Slumdog, directed by Danny Boyle and made for a budget of only $15 million, had emerged as the overwhelming Oscar favorite during the long run up to the 81st Academy Awards, picking-up gongs at several other industry events, including the Golden Globes.
At tonight’s glitzy-but-recession-conscious ceremony at the Kodak Theatre in Hollywood, Slumdog was expected to take the biggest award of them all - the Oscar for Best Picture - in spite of having almost gone straight-to-DVD in the all-important US market. The bookmakers William Hill were pricing film at 1/10, one of the shortest odds ever offered for a Best Picture contender in the history of Oscars betting.
“It would be the biggest upset in modern Oscars history to see Slumdog lose,” said Pete Hammond, the veteran Hollywood awards pundit and Maxim film critic. “It hasn't stumbled once this awards season. It has had an unprecedented sweep.
“It's the equivalent of the perfect season in football or baseball.”
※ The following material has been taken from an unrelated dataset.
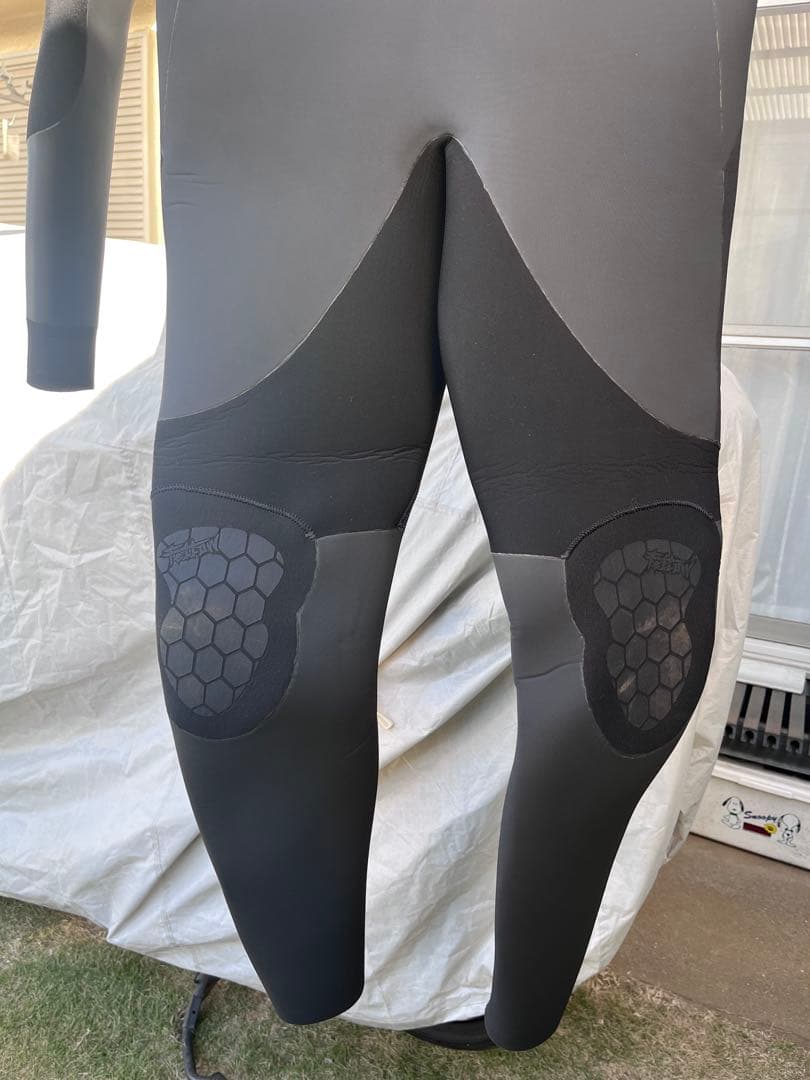 美品　5×3㎜セミドライ　ロングチェストジップ　XXLB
Rival nominees in the Best Picture category included two other British films: Frost/Nixon, about Sir David Frost’s post-Watergate television interviews with the impeached US president, and the Holocaust drama The Reader, starring Ralph Fiennes and Kate Winslet. The other contenders were Milk, a biopic of the openly gay San Francisco politician Harvey Milk, and The Curious Case of Benjamin Button.
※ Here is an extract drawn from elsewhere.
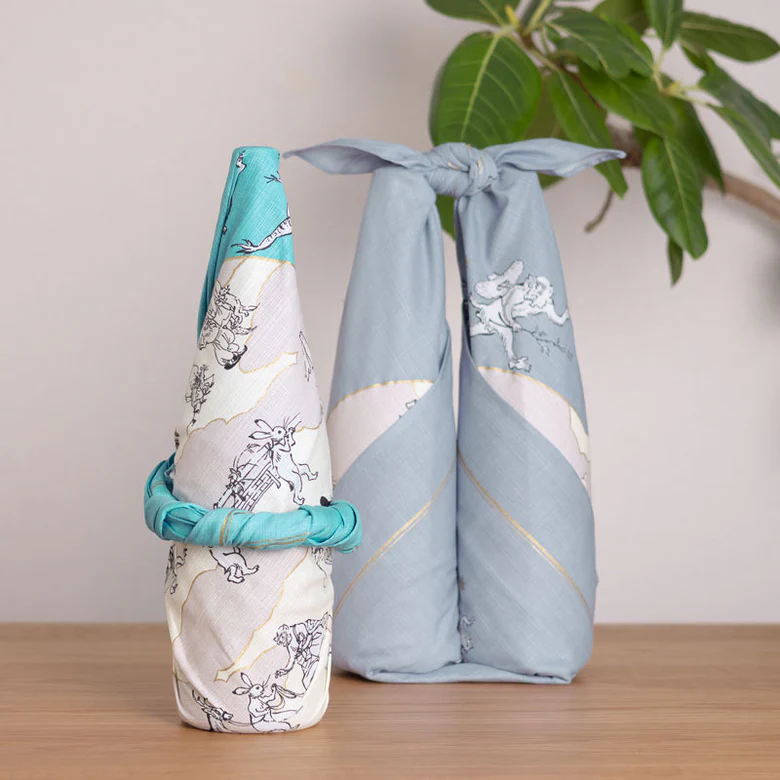 Furoshiki Organic - 100 Choju Jinbutsu Giga Lotus Leaf 100cm - Image 6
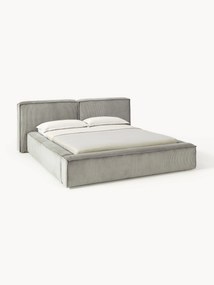 Corduroy Upholstered Bed Lennon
With Slumdog and Boyle heavily favoured to win Best Picture and Best Director, pundits were instead looking to the acting honours for suspense. Sean Penn was seen as the front-runner for Milk in the Best Actor category, while Kate Winslet’s performance in The Reader was regarded as the most likely to earn Best Actress.
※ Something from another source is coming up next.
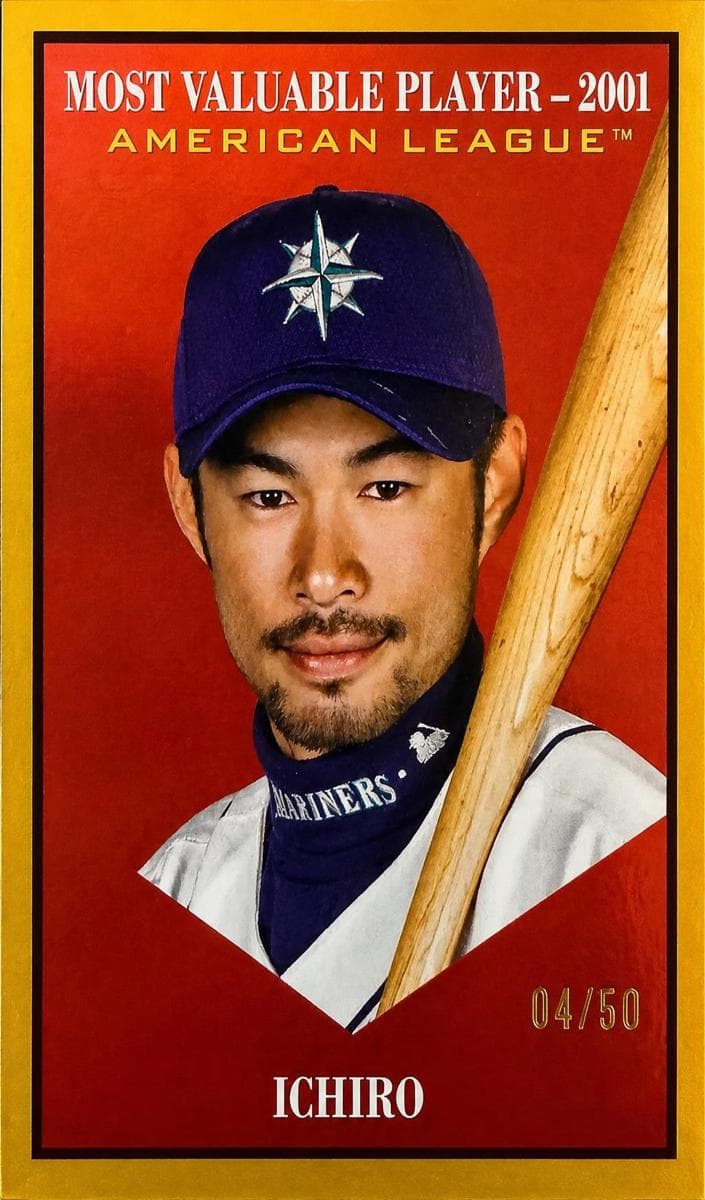 Ichiro 2025 topps Update Most Valuable Baseball Gold Foil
Nevertheless, Penn faced a wild-card rival in the form of Mickey Rourke, whose performance in The Wrestler earned him a Golden Globe and a Best Actor gong at the Independent Spirit Awards. Winslet, meanwhile, faced daunting competition from the two-time Academy Award winner Meryl Streep, for Frozen River.
Before this year’s Oscars, Winslet had been nominated for an Academy Award five times but never won.
In the supporting categories, the late Australian actor, Heath Ledger, was expected to become only the second actor in history to win a posthumous Oscar for his role as the Joker in The Dark Knight, a year after his death from a drug overdose in New York. And, in the supporting actress category, Penelope Cruz was the favourite to become the first Spanish actress to win an Academy Award for her performance in Woody Allen’s Vicky Cristina Barcelona. Like Mickey Rourke, Cruz was a winner at the Spirit Awards in Santa Monica on Saturday.
It wasn’t just the actors and directors who had a lot at stake at tonight's Oscars ceremony. The organisers of the event - hosted this year by the Australian actor Hugh Jackman - were also under intense scrutiny, having introduced a new-look format to help arrest plunging ratings. “It's going to be a show that takes some bold risks.” claimed Sid Ganis, president of the Academy of Motion Pictures and Sciences. The event has also come under pressure because of the recession: this year, advertising revenues are down by an estimated 16 per cent.
As Hollywood’s A-List prepared to arrive on the vast red carpet unrolled across Hollywood Boulevard, the satirical Razzie awards were being held only a few blocks away, celebrating the worse releases of 2008. The Canadian comic Mike Myers dominated the event, picking up three Golden Raspberries for his flop The Love Guru. Myers did not show up to collect the gongs in person.